══ Information provided ══

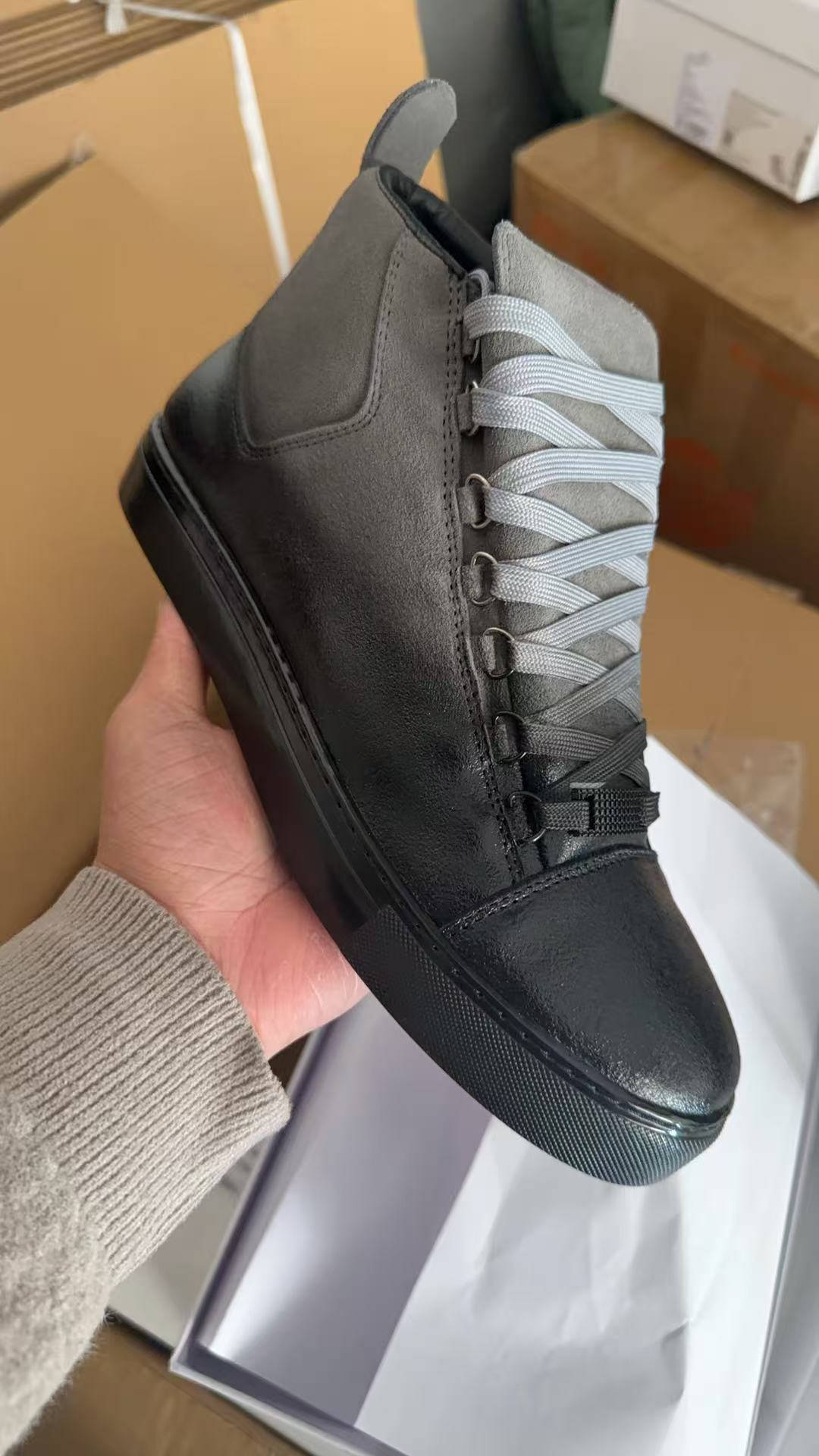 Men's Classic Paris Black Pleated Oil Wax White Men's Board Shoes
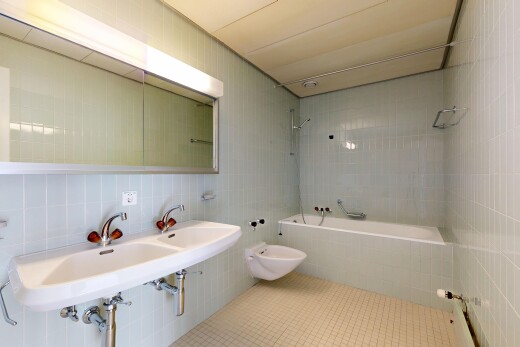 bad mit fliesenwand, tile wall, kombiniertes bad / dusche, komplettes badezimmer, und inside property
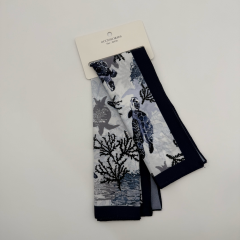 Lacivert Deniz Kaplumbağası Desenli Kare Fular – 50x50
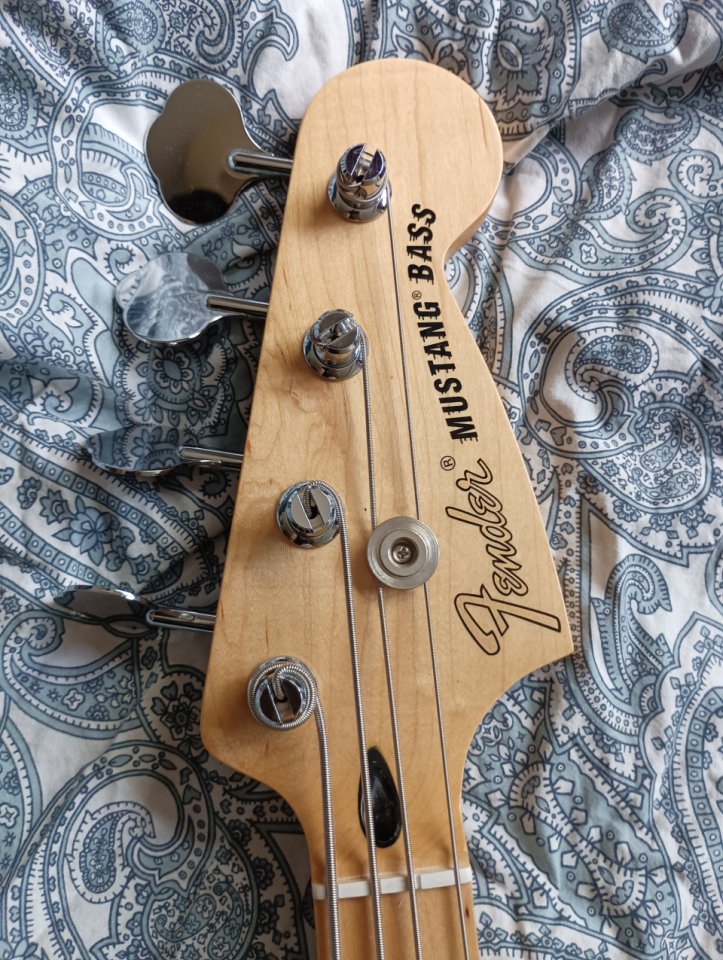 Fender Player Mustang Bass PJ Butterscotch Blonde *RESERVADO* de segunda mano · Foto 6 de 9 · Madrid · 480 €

═══

Exercise ::
Would you copy the lines from the one holding "Lacivert Deniz Kaplumbağası" down to the last line of the material, both included, exactly and with nothing added, skipping the pictures?

Task response ::
 Lacivert Deniz Kaplumbağası Desenli Kare Fular – 50x50
 Fender Player Mustang Bass PJ Butterscotch Blonde *RESERVADO* de segunda mano · Foto 6 de 9 · Madrid · 480 €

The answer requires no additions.